Behind the Scenes at Camp Gyno, the “Best Tampon Ad in the History of the World”

Since being posted early Monday morning, the “Camp Gyno” video advertisement for the period-supply subscription service Hello Flo has racked up almost 2 1/2 million views and been called the “funniest period commercial ever” by ABC News, the “best tampon ad in the history of the world” by HuffPo, and the “ad of the year” by Buzzfeed.

The fuss around the video has done a lot to highlight the retrograde stagnation of tampon ads at large, as well as the fact that anything related to woman’s reproduction is an instant, wheel-spinning controversy magnet. You might remember this “Are Tampons Anti-Feminist?” piece from earlier this month (“The problem with invisibility is just that.”), and after watching “Camp Gyno,” editors at the Atlantic questioned the invisibility-friendly business model of Hello Flo as well as suggested that the company’s marketing technique is infantilizing (“Don’t try to make me buy into this hip lifestyle brand represented by a precocious 11-year-old”).

But: “If I felt that women were supposed to be embarrassed to buy tampons, I wouldn’t have called the company Hello Flo,” says Naama Bloom, the founder. “I’m absolutely a feminist, and I want to use this business to create a locus of girls and women being empowered, owning themselves, having lots of information.
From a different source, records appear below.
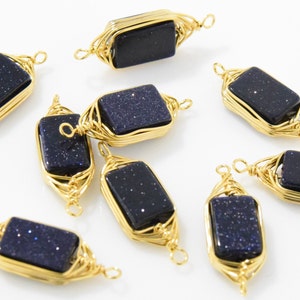 May include: Several rectangular blue sandstone beads with gold wire wrapping. The beads have a speckled appearance and are encased in intricate gold wire designs, with loops at each end for stringing. The gold wire adds a decorative element to the beads.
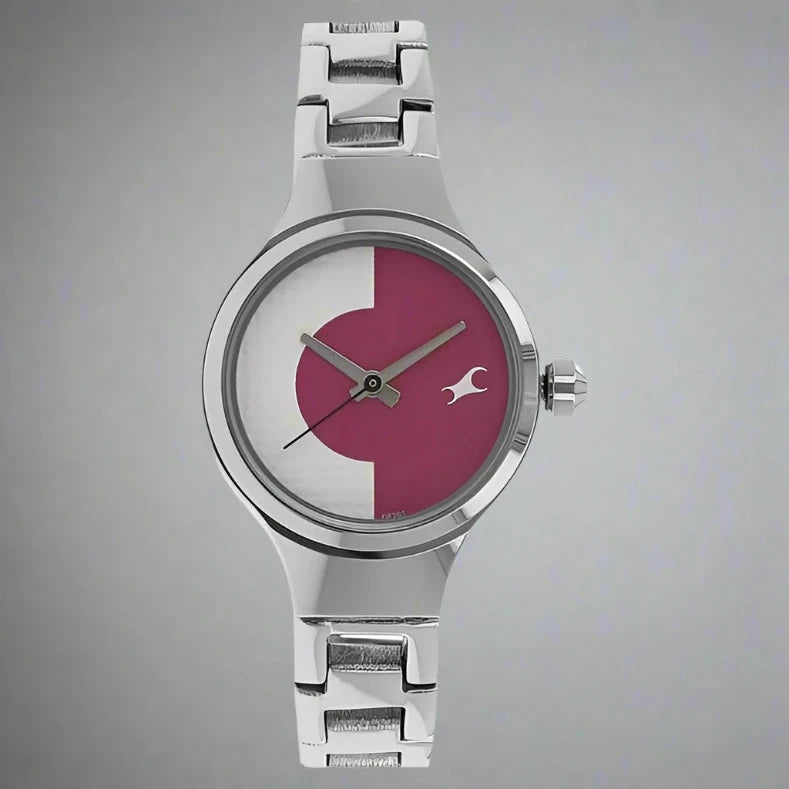 Fastrack 6134SM02 women's analog watch featuring a stylish silver dial, stainless steel case, and a sleek silver metal strap. A modern and elegant timepiece for any occasion.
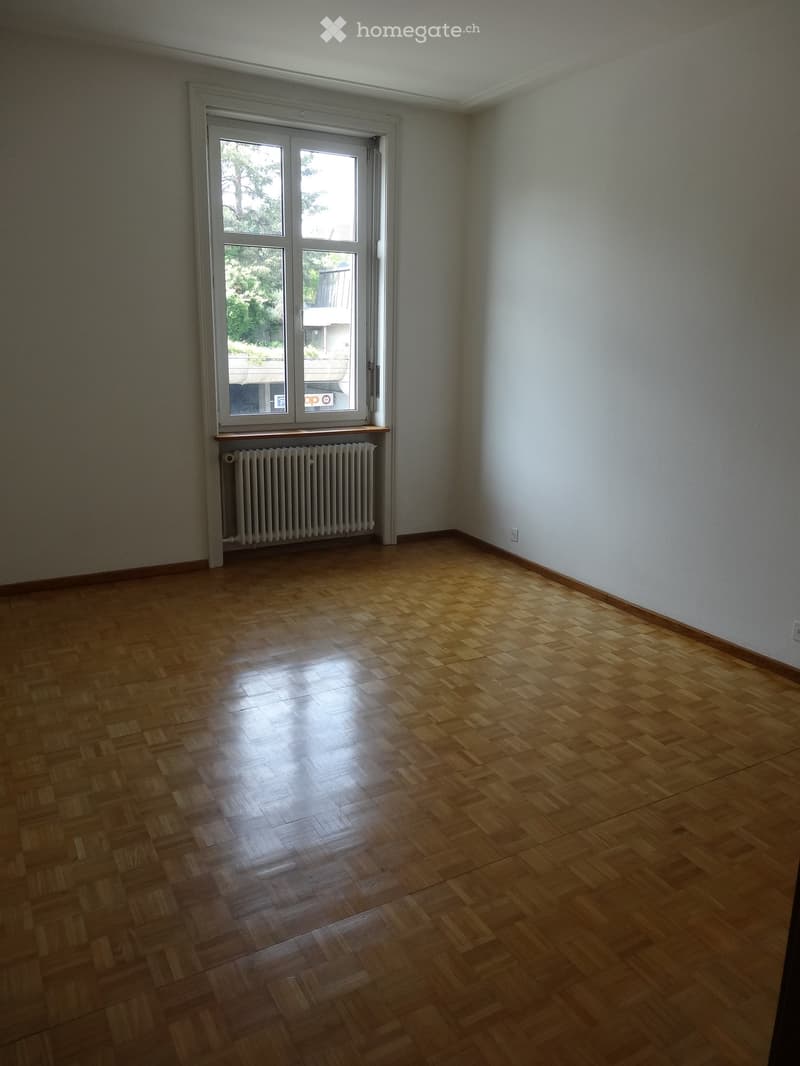 Empty room with wooden parquet flooring, white walls, and a large window with a radiator below it.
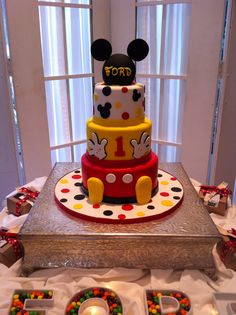 a mickey mouse cake on top of a table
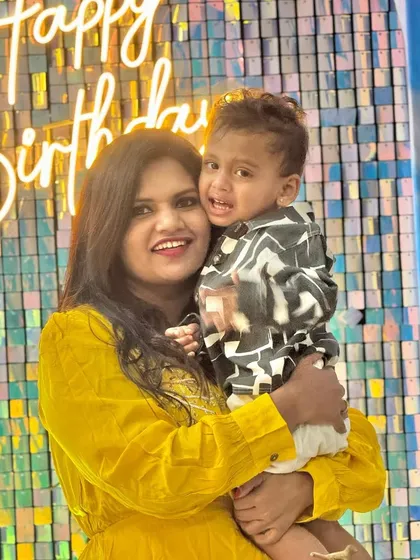 A happy mother and child posing in front of the shimmering backdrop at the Cocomelon-themed party.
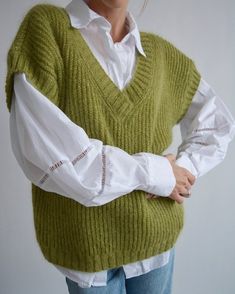 Hello, I'm the one, who won't let you down - green mohair vest. I will comfort you, keep you warm and will make you smile. I'm 100% hand made and proud of that. I consist of 70% knitt mohair and 30% of nylon, which makes me increadibly natural. I'm quite unique as could be worn all year long.I'm going well with dress, jeans, skirts ... or pretty much with everything you want. I'M AVAILABLE IN  DIFFERENT COLOURS!!!🌈I'm in one size and one size fits all because my measurements are :❤️   Width -54 Green Knit Sleeveless Vest, Green Sleeveless Knitted Sweater, Green Sleeveless Knit Vest, Sleeveless Green Sweater For Fall, Green V-neck Vest For Winter, Green Knitted Sleeveless Sweater Vest, Green Knit Vest For Fall, Green Winter Vest Top, Green Knitted Winter Vest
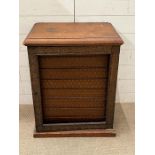 A Victorian mahogany collectors cabinet with a inlaid hinged door (missing glass) opening to eight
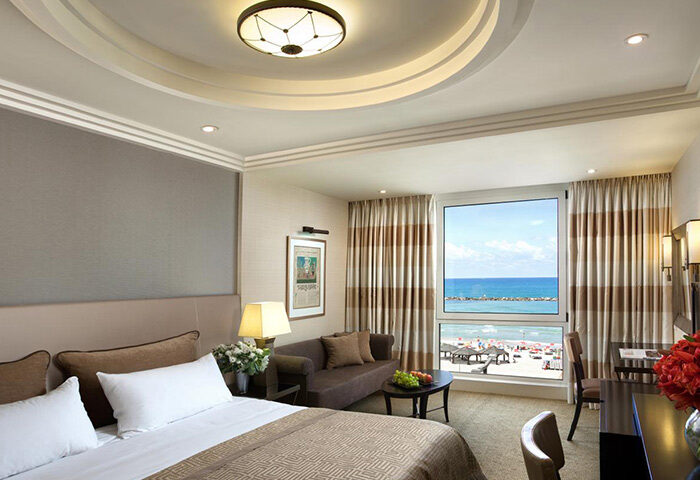 Dan Tel Aviv Hotel room. Luxury beachfront view from this most booked hotel. Gay travel to Israel.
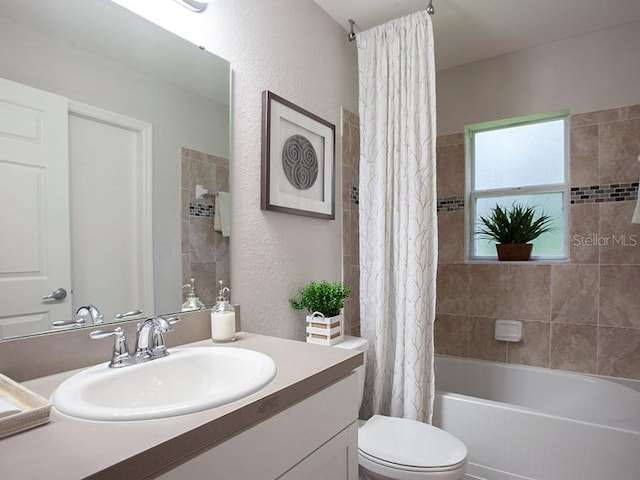 full bathroom featuring vanity, toilet, and shower / bath combo with shower curtain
Still, honestly, when we set out to make the video, aside from wanting to keep the irreverent tone of the brand in our heads, we were not setting out to make a girl-power manifesto. I just wanted to talk about a true thing that happens — to make an ad that women would actually recognize themselves in, to show that the reality of periods is not this hidden, sanitized thing where girls are wearing white pants and riding horses in a meadow.”

Last night I talked to Bloom, as well as the ad’s writers and directors Pete Marquis and Jamie McCelland, about how Camp Gyno came to be.

Did you know from the beginning that you wanted to have an unusual ad campaign?

Naama: Oh, yeah. That was one of the things I knew I could do that a bigger company couldn’t — and I was glad to have that license, and to be able to do something different. And I’m going up against Proctor & Gamble and Kimberly Clarke, and doing this all on personal money, so I knew there was no other way to go. I can’t buy advertising yet.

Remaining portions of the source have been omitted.